Kafka stops during multi-node install

book

Article ID: 194868

calendar_today

Updated On:

Products

CA App Experience Analytics

Issue/Introduction

 

When the installation is run it is started on SERVER3 (ES, K, J) then after about a minute SERVER4 & SERVER5 (ES, K) together. 

Whichever is started first of 4 & 5 completes with Kafka server down and the other will stay on STATUS:...... until a stop and start of the one that failed does resolve this.

 

Environment

Release : 17.3

Component : APP EXPERIENCE ANALYTICS ENGINE

Resolution

 

Here are some suggestions to investigate this sort of problem:

1)

Check the Kafka Logs (under /opt/ca/jarvis/logs/) called server.log and zookeeper logs called zookeeper.log

That should tell what the issue is and why KAFKA starts and stops

 

2)

Has been seen on a one node install regularly. Kafka needs to be restarted manually to make sure it runs. Once that is done, it usually continues to run.

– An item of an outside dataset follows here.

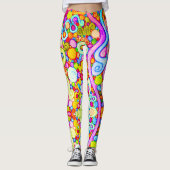 Light Neon Coils Leggings (Vorderseite)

Had stopped running because of missing disk space in the beginning. 

3)

Possibly Kafka topic didn’t get created. Maybe it is a kafka/zookeeper unique id issue  

 

Zookeeper Error: Consumer not on the list of brokers. Or an error related to broker ids

 

Jarvis installer touches the zookeeper.properties file, and if incorrect IP address is detected by Jarvis, the broker ids in this file might get overwritten

Need to manually make sure the broker id's are in sync with each other in three zookeeper/kafka files:

 

 

1.   /jarvis/kafka_2.11-0.10.1.0/config/kafka_data/zookeeper/myid -file id number 

2. → has to be the same as /jarvis/kafka_2.11-0.10.1.0/config/server.properties -file parameter: broker.id=16867130

 

3. /jarvis/kafka_2.11-0.10.1.0/config/zookeeper.properties -file list of brokers must match the value from the above two, and the host name:

 

server.16867130=axa173.localdomain:2888:3888

.... etc

 

After the zookeeper.properties file matches unique broker id's in myid -file and server.properties file for each node, restart zookeeper/kafka

The installer constructs the IDs in those files based on IP addresses - make sure the hostname and /etc/hosts -files are properly configured on each node….and that the IP addresses used are the correct ones, and that if FQDN is used as a hostname, it is in first place in /etc/hosts against the IP address"